JAKARTA - Presiden Joko Widodo (Jokowi) diminta memprioritaskan penguatan sektor industri manufaktur untuk mendukung pertumbuhan ekonomi lebih positif. Fokus pada perbaikan fundamental ketimbang meributkan harga bahan baku dan energi.
Selama dua tahun terakhir kontribusi sektor industri manufakur terhadap PDB nasional terus menurun.
Baca Juga: Produksi Industri Manufaktur Tumbuh Lambat di Kuartal II-2019
Data Badan Pusat Statistik (BPS) menyebut di tahun 2018, sektor ini hanya berkontribusi 19,82% terhadap Produk Domestik Bruto (PDB) sebesar Rp14.837 triliun. Sementara pada tahun sebelumnya industri manufaktur menyumbang 21,22% dari PDB RI sebesar Rp13.588 triliun.

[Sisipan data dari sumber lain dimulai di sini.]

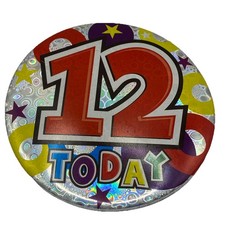 12 Badge Large Colourful Glitter Numbers 15cm diameter Round New 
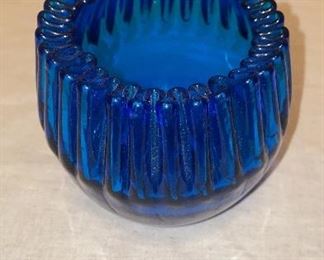 Beautiful blue cobalt hand blown glass piece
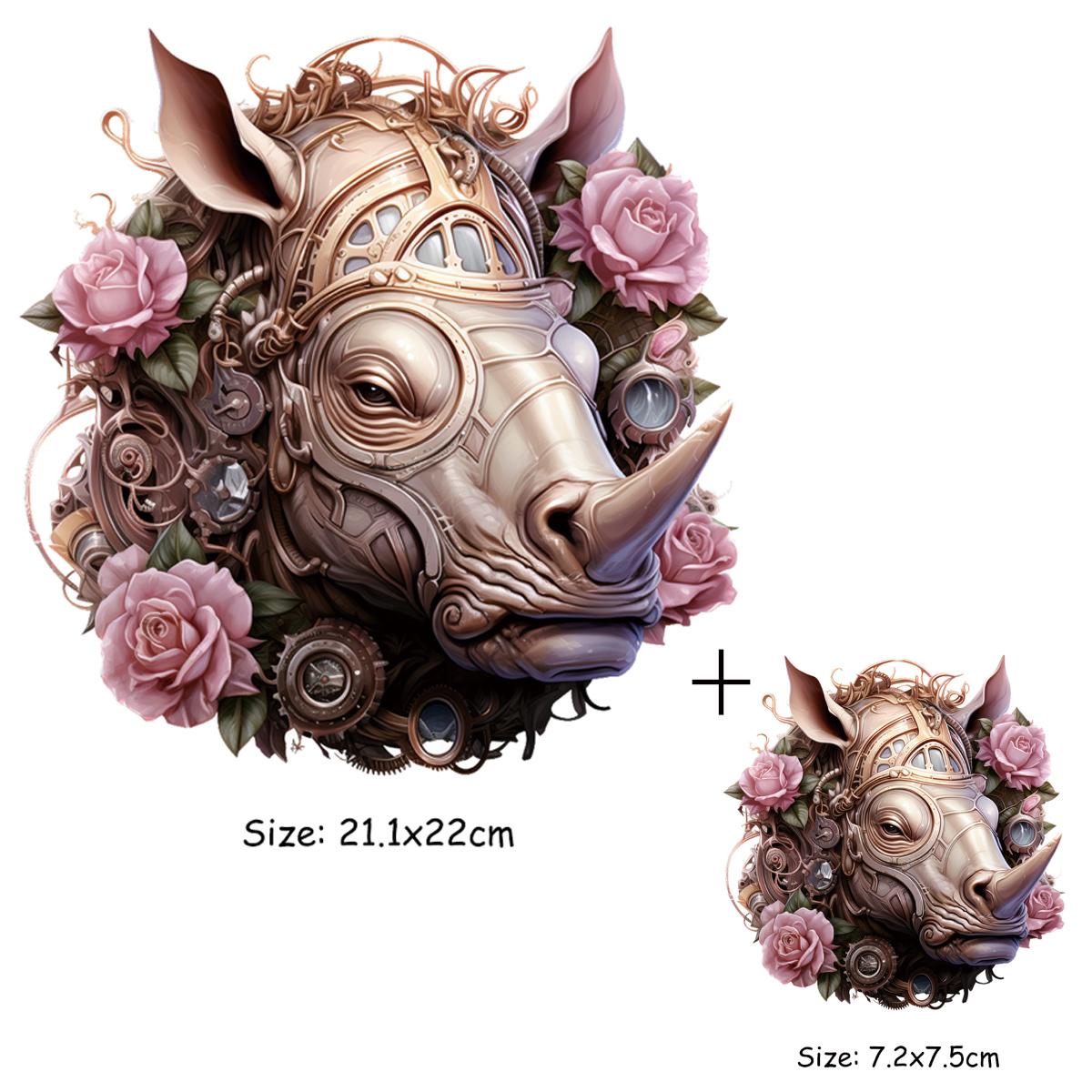 

Теплопередающая наклейка «Свирепый цветок носорога», термонаклейки своими руками для одежды, изготовления футболок, украшения подушек, принадлежностей для одежды и аппликаций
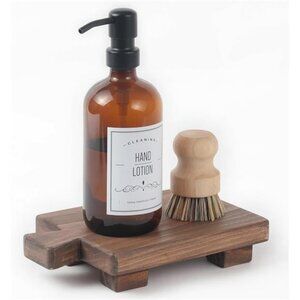 Wood Pedestal Stand Farmhouse Wood Riser Display Stool for Bathroom Kitchen Sink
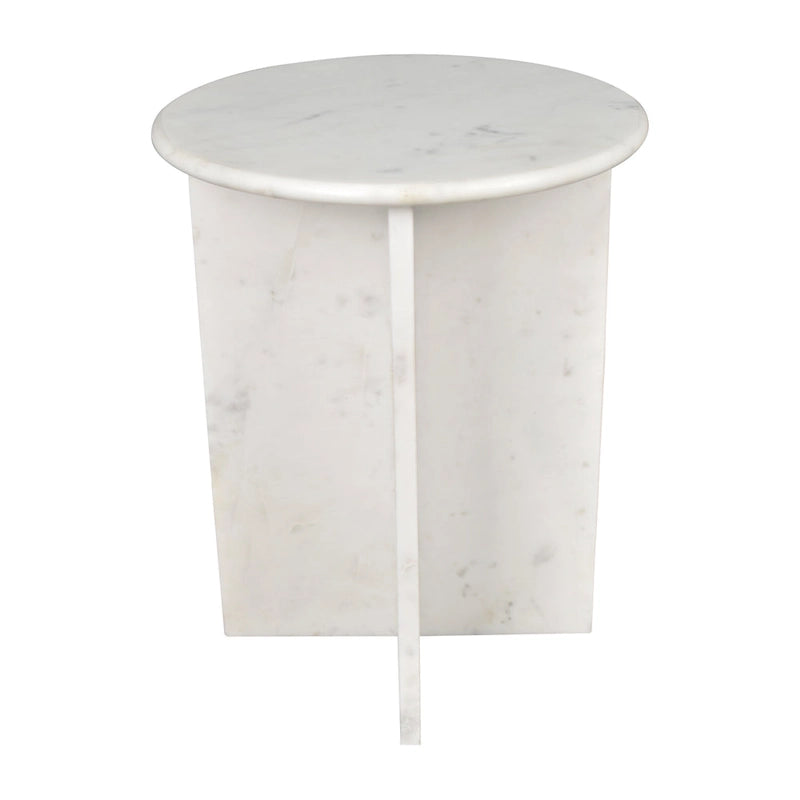 Cecil 17.75 Contemporary Natural Marble Handmade X-Shaped End Table, by JONATHAN Y.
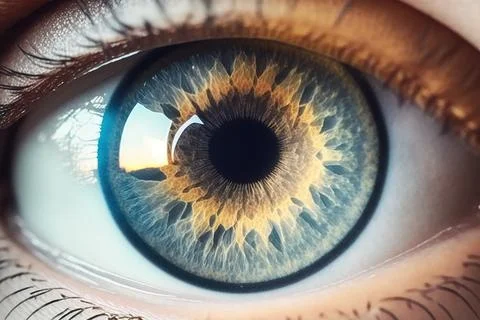 A close up of a person's eye with a blue iris and yellow iris realistic eye.. Illustrazione stock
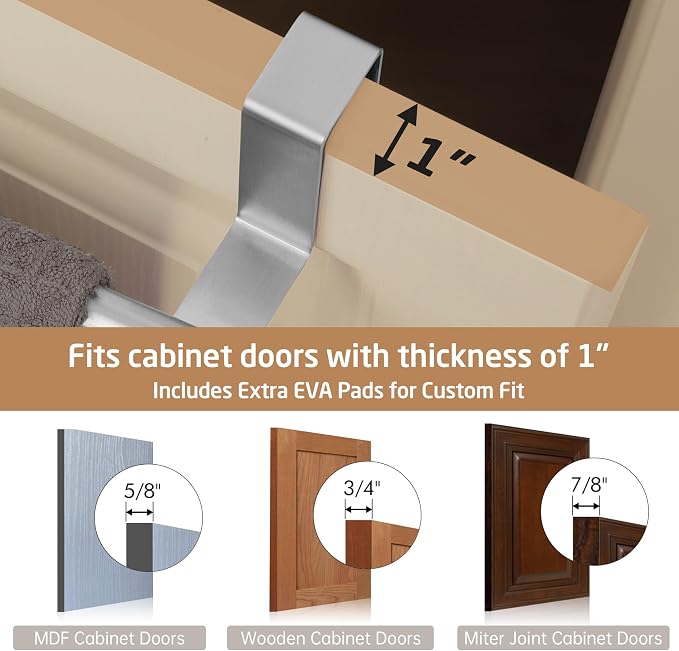 KES Over The Cabinet Door Towel Rack, Kitchen Towel Holder, 2 Pack | Anti-Wobble Stable Fit, Fit Doors Under 1" Thick, SUS304 Stainless Steel Bars for Dish Hand Towels, Brushed Finish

”Kontribusi yang melambat, secara persentase, tapi harus hati-hati melihat angka itu. Saya lebih setuju melihatnya dari sisi pertumbuhan, bukan kontribusi. Kalau dari pertumbuhan ada perlambatan. Naik tapi melambat. Ini yang perlu diwaspadai,” ujar Ekonom Universitas Indonesia (UI) Lana Soelistianingsih di Jakarta, Selasa (20/8/2019).
Lana yang juga Ekonom PT Samuel Asset Management setuju bahwa perkembangan saat ini teknologi menjadi sangat berperan. Tidak terkecuali untuk sektor industri dan manufaktur.
”Jadi kalau mau inovasi ya teknologi walaupun pasti ada disrupsi di situ. Memang akan lebih efisien menggunakan teknologi dan jadi satu-satunya jalan,” katanya.
Baca Juga: Strategi BI Jadikan Manufaktur Indonesia Kunci Pertumbuhan Ekonomi
Lebih dari itu, Lana juga menilai bahwa solusi untuk manufaktur bukan dari pelaku industri itu sendiri. Memang, menurutnya, saat ini terdapat banyak hal yang menjadi daftar keluhan. ”Kalau lihat list keluhan yang ada di Kadin itu panjang sekali,” ucapnya.
Tidak terkecuali aspek non teknis seperti pungli dan kemacetan. ”Salah satu faktor yang membuat biaya produksi mahal, aspek non teknis; pungli, macet, kadang ada bajing loncat. Itu membuat biaya-biaya tadi oleh perusahaan dimasukkan biaya produksi,” ungkapnya.